Jawarkar Rahul D, Zaki Magdi E A, Al-Hussain Sami A, Al-Mutairi Aamal A, Samad Abdul, Masand Vijay, Humane Vivek, Mali Suraj, Alzahrani Abdullah Yahya Abdullah, Rashid Summya, Elossaily Gehan M
Department of Medicinal Chemistry and Drug discovery, Dr. Rajendra Gode Institute of Pharmacy, Amravati, Maharashtra, India.
Department of Chemistry, Faculty of Science, Imam Mohammad Ibn Saud Islamic University, Riyadh, Saudi Arabia.
J Biomol Struct Dyn. 2024 Feb 22:1-31. doi: 10.1080/07391102.2024.2319104.

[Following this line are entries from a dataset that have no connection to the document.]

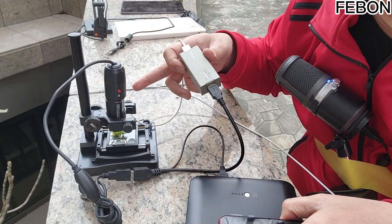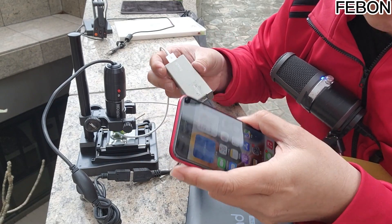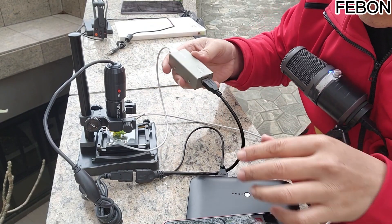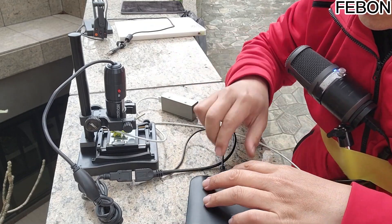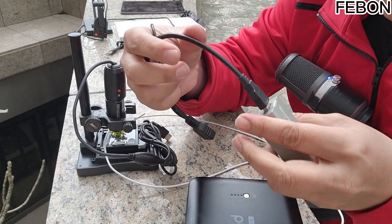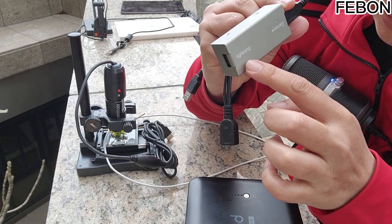How to achieve this — having the USB microscope picture thrown to this iPhone as shown? You should prepare this USB camera to Lightning converter. It is very simple. Like this — there are two connectors here. One is the webcam interface and the other is the Lightning interface.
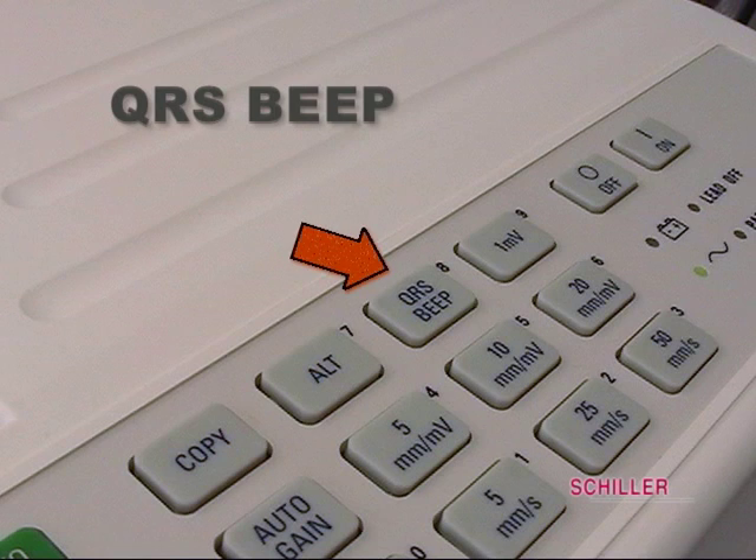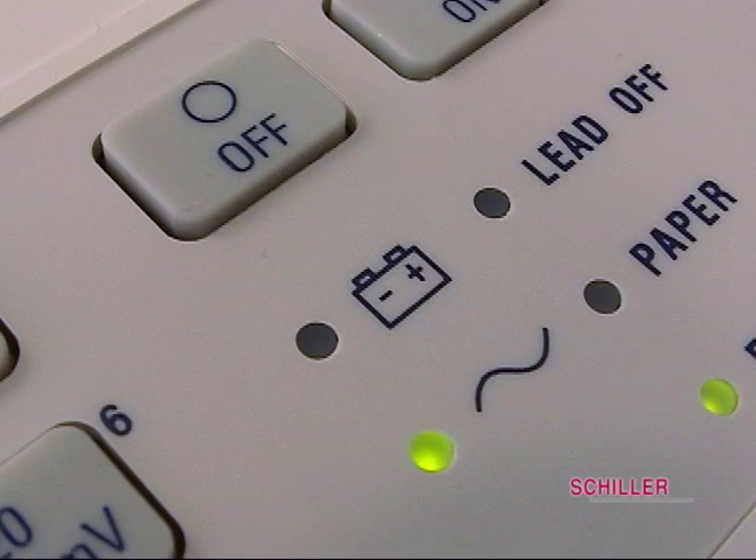QRS beep is for an audio beep for heart rate and QRS complex. One millivolt is used to send a calibrating signal. The LED light with a wave line is a main power indicator that the unit is on and getting power.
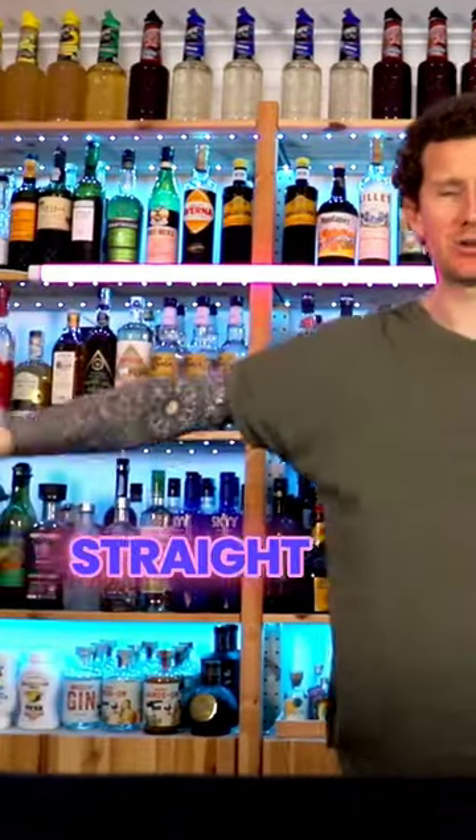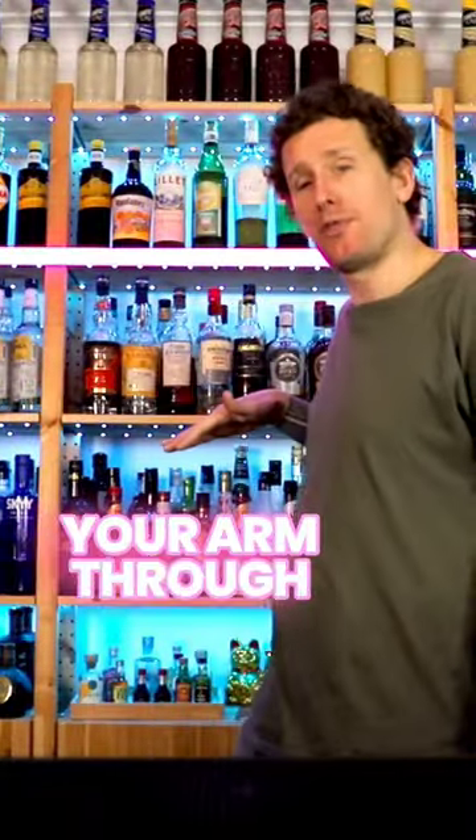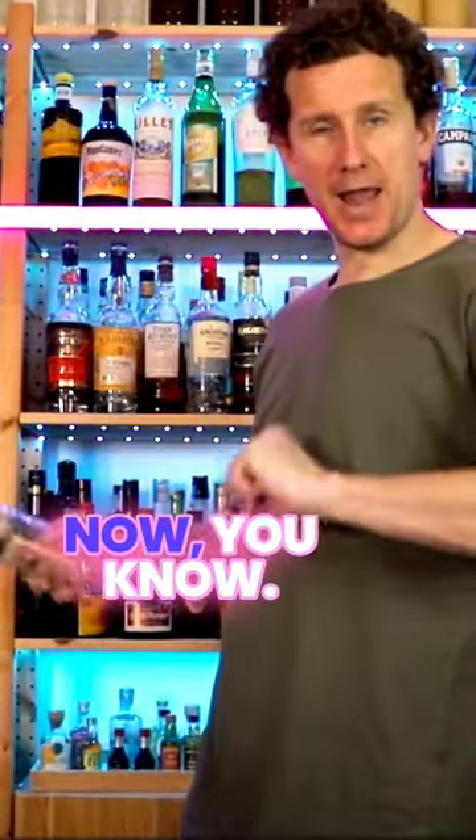When you're performing the roll down the arm like this, don't stick your arm out straight — keep your arm relaxed. Let the bottle roll down gently, and even pull your arm through the bottle like this, so that you can then have enough space to catch the bottle. Now you know.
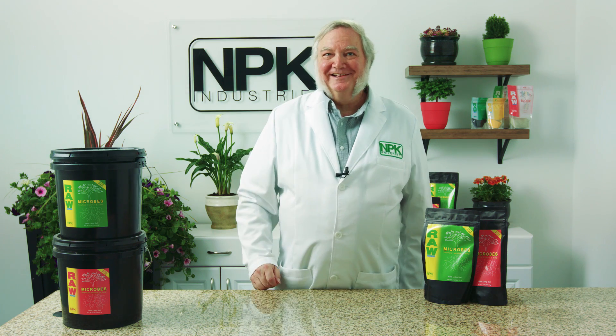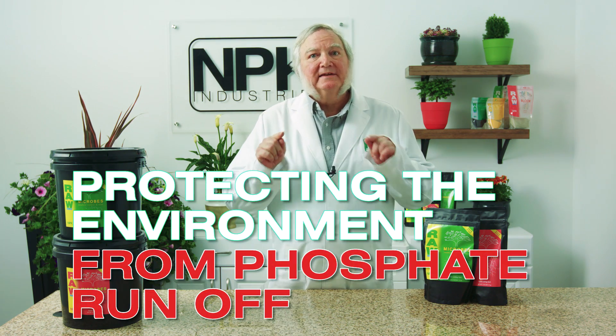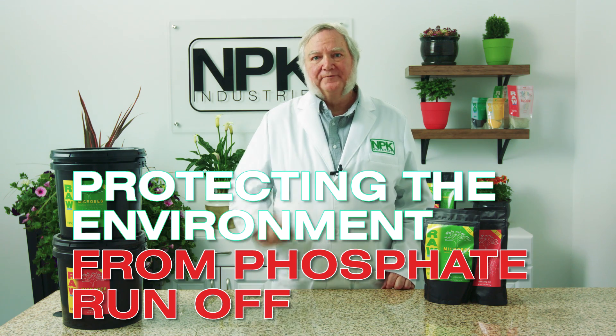I'm Harley Smith with 60 Seconds Products and Tips, and today's segment is called Protecting the Environment from Phosphate Runoff.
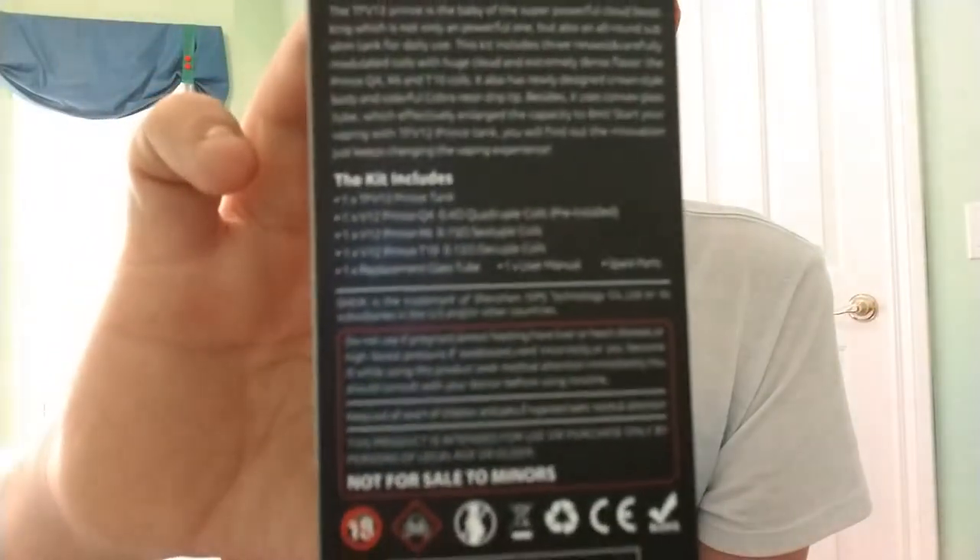On the front of the box it shows the atomizer itself. I got mine in neochrome. On the back it gives you some information on what's included in the box. It comes with the Prince tank, the Q4 coil — the four coil one — the X6, which is the six coil running at 0.15 ohms, and then the T10 1.2 ohm 10-coil atomizer. It also comes with replacement glass tube, spare parts, and a user's manual.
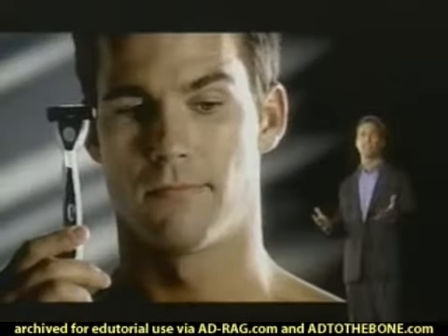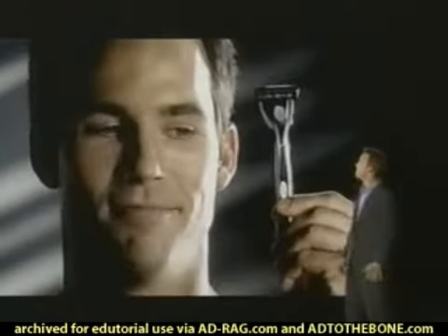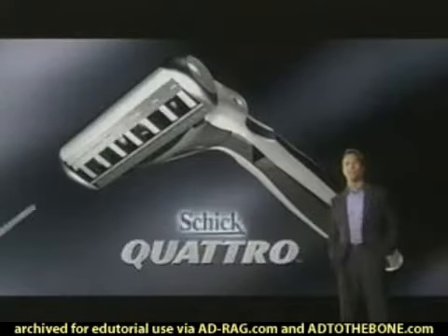So your five o'clock shadow shows up late. Four blades. Where will it stop? Here. Schick Quattro. The power of four.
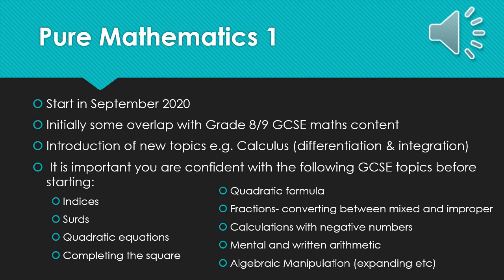In order for you to be successful in A-level mathematics, it is important that you are confident with the following GCSE topics: indices, surds, quadratic equations, completing the square, using the quadratic formula, fractions — particularly converting between mixed and improper — calculations with negative numbers, mental and written arithmetic, and algebraic manipulation such as expanding, factorising, etc. These need to be like second nature in order for you to be highly successful in A-level mathematics.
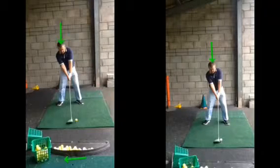So we talked about the setup being really, really good for a driver especially — getting a nice lean with the spine, ball position is correct, body line was great.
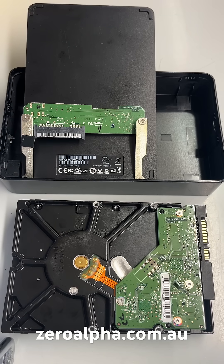If you need data recovery from a faulty Western Digital external hard drive, you can mail in from any location. Visit zeroalpha.com.au and we will get your data back at the lowest price.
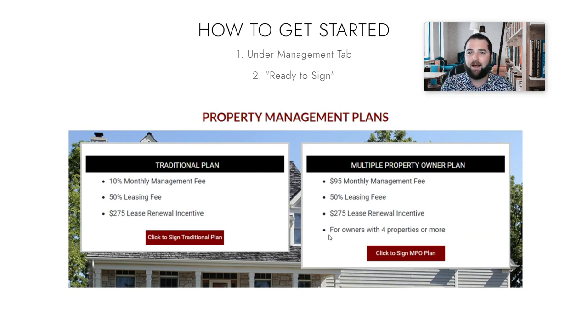Once you've completed the agreement, you'll get a call from our onboarding specialists and they'll talk to you about the next steps and go from there.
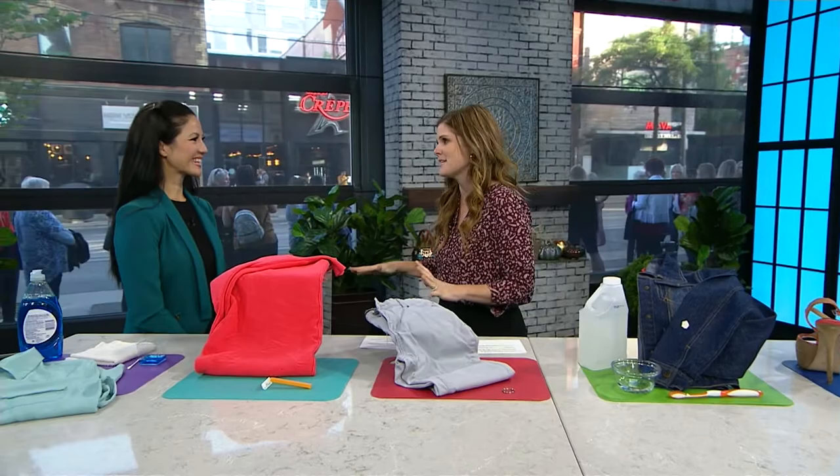Have you ever put on your favorite shirt and spotted a big stain, or perhaps pulled out a comfy sweater and noticed a bunch of pills? Well, don't fear — our next guest is here to share some easy solutions for when bad things happen to good clothes. Sewing and craft expert Denise Wild is here with her best tips.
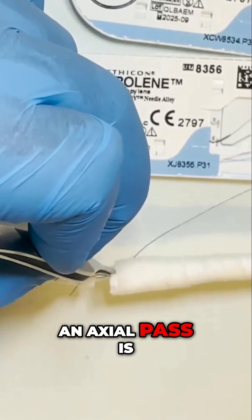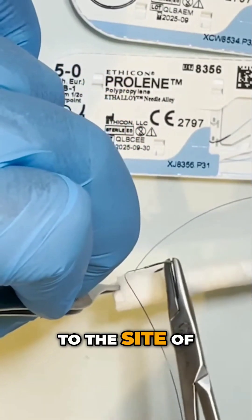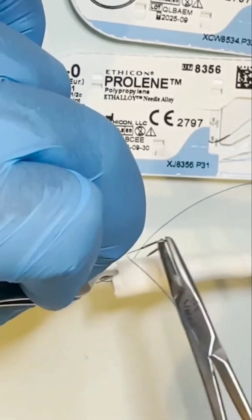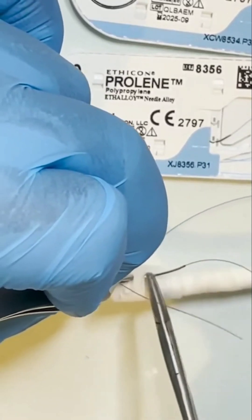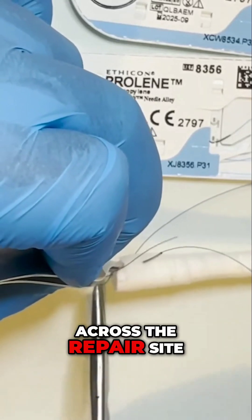An axial pass is again taken, this time starting proximal to the side of tendon division, across the repair site.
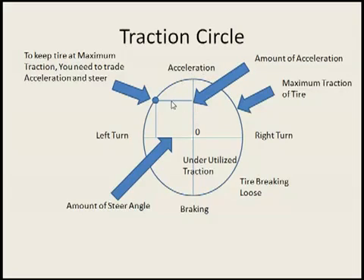This is your basic Traction Circle here and it's kind of a theoretical idea on how a tire actually works. If you look at this side of the circle, this is with your tires basically in full turning mode. This is maximum turning here and this is like maximum acceleration,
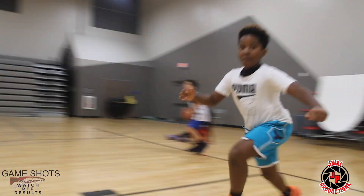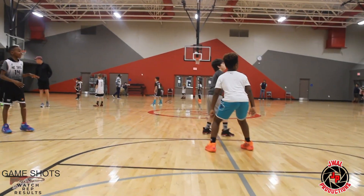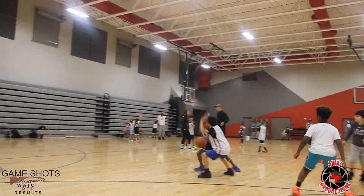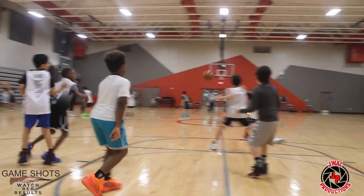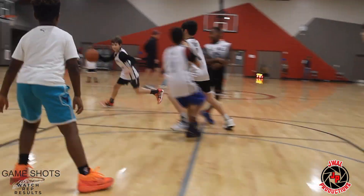I'm Coach Joel Lincoln, and welcome to Game Shots Basketball. Today we're going to be talking about two different ways your team can work on three-on-three, as well as your defensive and offensive spacing.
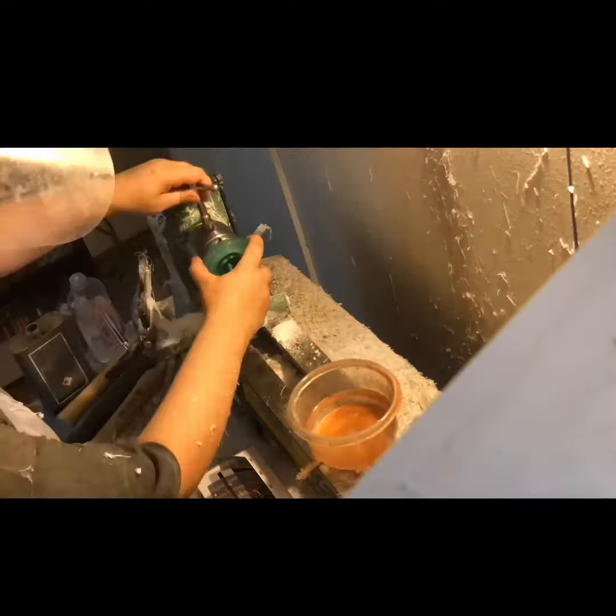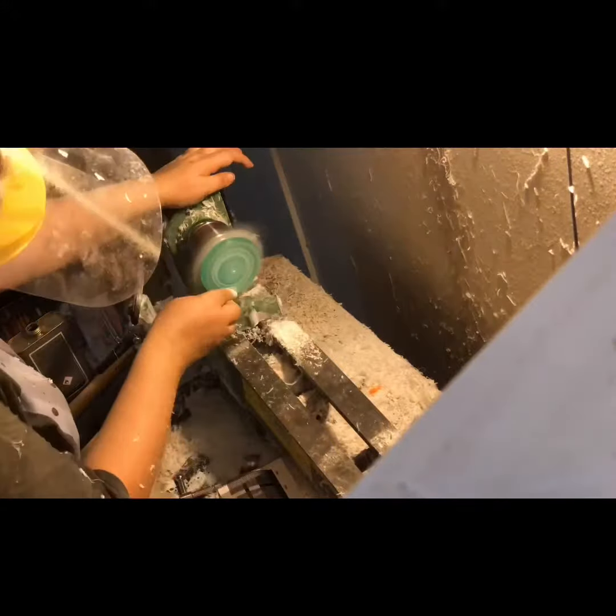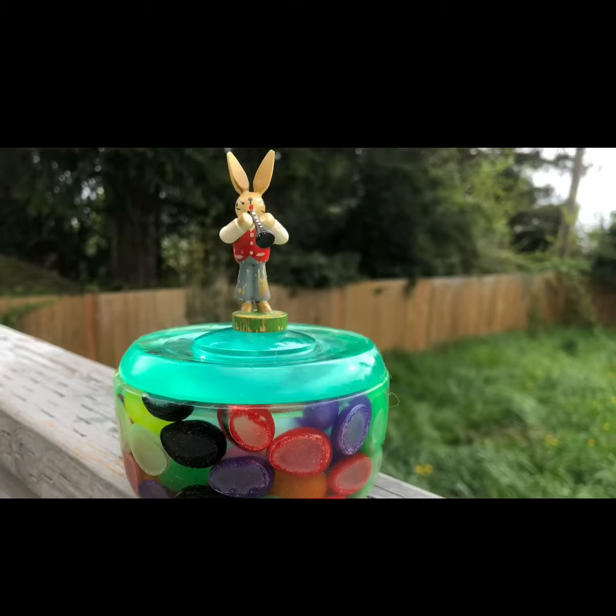Here we go polishing the lid, the inside of the lid, and the outside of the lid, so I can mount a little bunny finial on top. And here's the finished product.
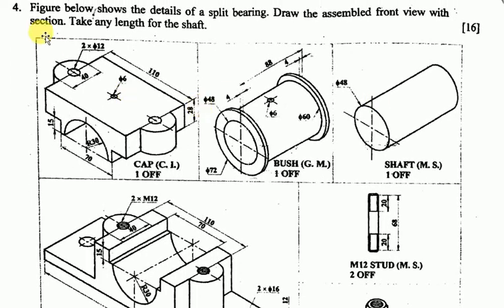Question number four: the figure below shows the detail of a split bearing. Draw the assembled front view with section. This is chapter four — detail and assembly drawing. We are drawing the assembled front view with section for the split bearing.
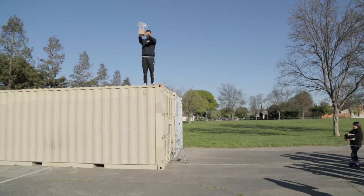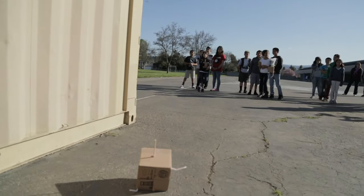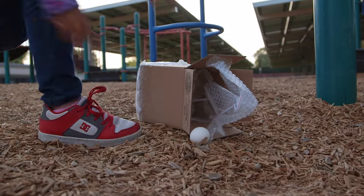Five, four, three, two, one. In this activity, youth design a package that will keep an egg from breaking using the steps of the engineering process.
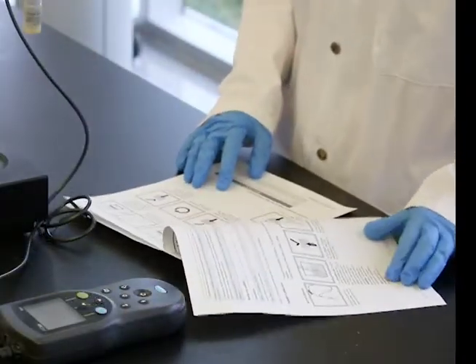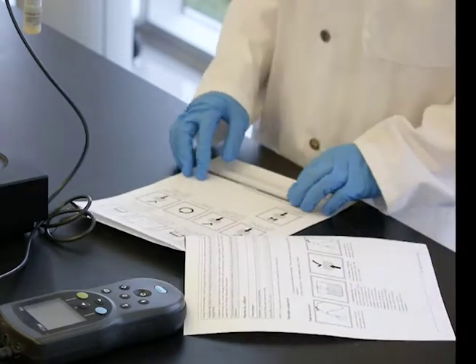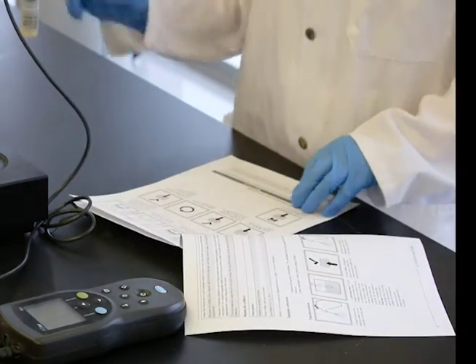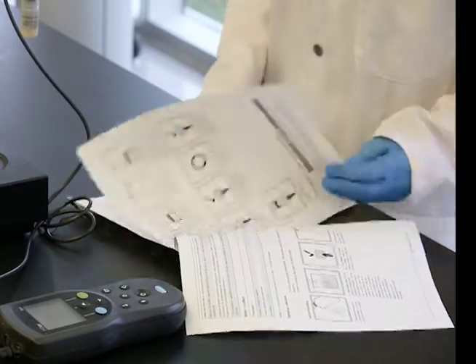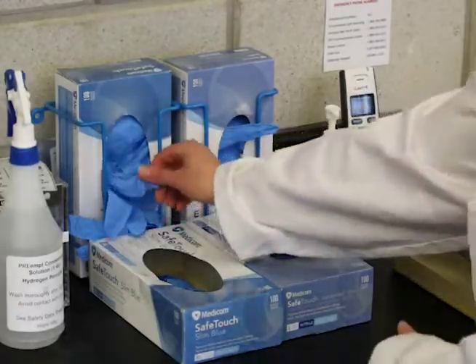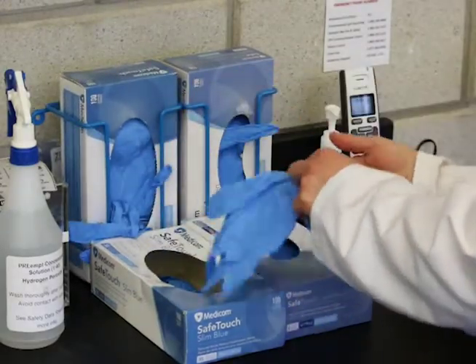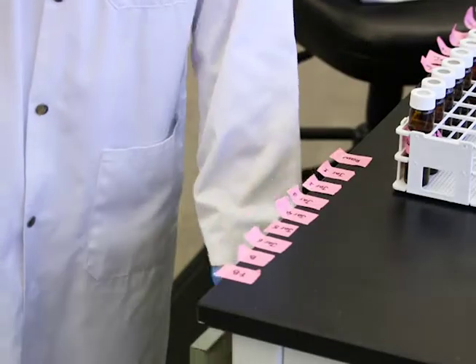This is a basic procedure overview. You should always refer to the methods provided by the probe manufacturer for preparation, measurement, maintenance, and storage information. It is important to review the safety data sheets for the chemicals that are used and to use the recommended personal protective equipment.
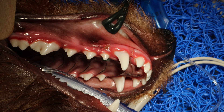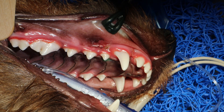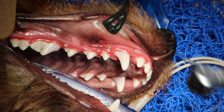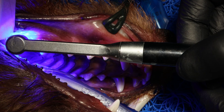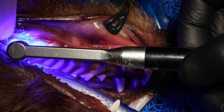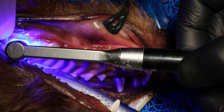So you gently rub it in, and you'll see the hair moving now. That's because I'm air drying with my three-way air-water syringe, just to evaporate any solvents and to make the layer a little bit thinner, because you want the bonding layer to be as thin as possible.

A lysine-specific demethylase is an enzyme that selectively eliminates methyl groups from lysine residues. KDM5A, also known as JARID1A or RBP2, belongs to the KDM5 Jumonji histone demethylase subfamily. To identify novel molecules that interact with the LSD5A receptor, we created a quantitative structure-activity relationship (QSAR) model. A group of 435 compounds was used in a study of the quantitative relationship between structure and activity to guess the IC50 values for blocking LASD5A. We used a genetic algorithm-multilinear regression-based quantitative structure-activity connection model to forecast the bioactivity (IC) of 1615 food and drug administration pharmaceuticals from the zinc database with the goal of repurposing clinically used medications. We used molecular docking, molecular dynamic simulation modelling, and molecular mechanics generalised surface area analysis to investigate the molecule's binding mechanism. A genetic algorithm and multi-linear regression method were used to make six variable-based quantitative structure-activity relationship models that worked well ( = 0.8521, = 0.8438, and = 0.8414). ZINC000000538621 was found to be a new hit against LSD5A after a quantitative structure-activity relationship-based virtual screening of 1615 zinc food and drug administration compounds. The docking analysis revealed that the hit molecule 11 in the KDM5A binding pocket adopted a conformation similar to the pdb-6bh1 ligand (docking score: -8.61 kcal/mol). The results from molecular docking and the quantitative structure-activity relationship were complementary and consistent. The most active lead molecule 11, which has shown encouraging results, has good absorption, distribution, metabolism, and excretion (ADME) properties, and its toxicity has been shown to be minimal. In addition, the MTT assay of ZINC000000538621 with MCF-7 cell lines backs up the in silico studies. We used molecular mechanics generalise borne surface area analysis and a 200-ns molecular dynamics simulation to find structural motifs for KDM5A enzyme interactions. Thus, our strategy will likely expand food and drug administration molecule repurposing research to find better anticancer drugs and therapies.
赖氨酸特异性去甲基化酶是一种能选择性地从赖氨酸残基上去除甲基的酶。KDM5A,也称为JARID1A或RBP2,属于KDM5 Jumonji组蛋白去甲基化酶亚家族。为了鉴定与LSD5A受体相互作用的新分子,我们创建了一个定量构效关系(QSAR)模型。一组435种化合物用于研究结构与活性之间的定量关系,以推测阻断LASD5A的IC50值。我们使用基于遗传算法-多元线性回归的定量构效关系模型,从锌数据库预测1615种美国食品药品监督管理局(FDA)药品的生物活性(IC),目的是重新利用临床使用的药物。我们使用分子对接、分子动力学模拟建模和分子力学广义表面积分析来研究该分子的结合机制。采用遗传算法和多元线性回归方法建立了六个基于变量的定量构效关系模型,效果良好(R² = 0.8521、Q² = 0.8438和Q²ext = 0.8414)。在对1615种FDA锌化合物进行基于定量构效关系的虚拟筛选后,发现ZINC000000538621是一种针对LSD5A的新的活性化合物。对接分析表明,命中分子11在KDM5A结合口袋中的构象与pdb-6bh1配体相似(对接分数:-8.61 kcal/mol)。分子对接和定量构效关系的结果相互补充且一致。活性最强的先导分子11已显示出令人鼓舞的结果,具有良好的吸收、分布、代谢和排泄(ADME)特性,并且其毒性已被证明极小。此外,ZINC000000538621对MCF-7细胞系的MTT试验支持了计算机模拟研究。我们使用分子力学广义Born表面积分析和200 ns的分子动力学模拟来寻找KDM5A酶相互作用的结构基序。因此,我们的策略可能会扩展FDA分子重新利用研究,以找到更好的抗癌药物和疗法。